Al Jazeera this week reported on India’s plans to resile from aviation regulations imposed by the European Union, which as of January of this year extended the EU ETS to include all Indian airlines flying into and out of European airports. According to Al Jazeera, Indian officials plan to urge domestic airlines to resist complying with the carbon trading programme.
“We have lots of measures to take if the EU does not go back on its demands. We have the power of the economy, we are not bleeding as they are,” an Indian government official told Al Jazeera. He added that by imposing carbon trading on foreign airlines, Europe risks harm to its own economy and airlines.
Experts predict that India may use its purchasing power to renegotiate its inclusion in EU ETS. According to Amber Dubey, KPMG director for aviation, India is undergoing a significant increase in the size of both its civilian and military fleets. A large part of the orders for new aircraft is expected to come from European suppliers.

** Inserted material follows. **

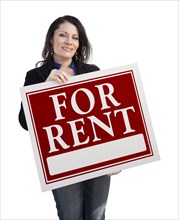 Smiling hispanic woman holding for rent sign isolated on white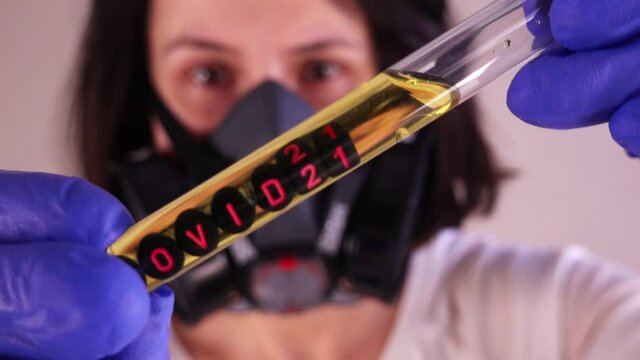 Caucasian Female Scientist Wearing Gas Mask and Blue Latex Gloves while Examining Test Tube With Covid-21 Sample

Dubey commented to Al Jazeera that, “The EU-ETS (emissions trading scheme) issue is escalating fears of a trade war between the EU and the rest of the world. There is a chance that the government may decide to use these large aircraft orders as a negotiating tool.”
Beyond waging a purchasing war on European aircraft suppliers, Indian authorities also threaten to forbid EU air carriers from flying over India, the Indian Ocean and the Bay of Bengal. Bypassing such a huge territory is of course not practical for commercial airliners on long-haul flights as they would need to refuel at some point on the bypass.
According to a report by Ernst & Young, India is one of the frontrunners on the recipient side of the Clean Development Mechanism (CDM) market. In fact, latest estimates of the United Nations Environmental Programme (UNEP) show that, after the leader China, India holds about 30 percent of CDM projects in Asia.
CDM is a flexibility mechanism under the Kyoto Protocol which allows industrialised countries with compliance emission reduction schemes to fully or partially fulfill their emission reduction targets by procuring Certified Emission Reductions (CERs) from greenhouse gas offset projects in developing countries. CERs are among the tradable units on the EU ETS. That means India is a direct beneficiary of European compliance regulation.
It comes as a surprise then that India would boycott that same carbon trading regime which supports its domestic market for carbon offsetting projects. Instead of resisting compliance, India should embrace the EU ETS and encourage its airlines to mitigate emissions by absorbing some of the carbon offset supply from domestic CDM projects. In addition, India can benefit from airlines based in developed countries, which are looking for ways to limit their emissions in a cost-effective way. Often times the cost of implementing environmentally friendly processes and installations in-house are too high for airline companies to take on. These costs end up trickling down to passengers, who have to pay the difference in the form of higher ticket prices and fees. So instead of resisting, India should be leveraging the potential that the EU ETS can offer.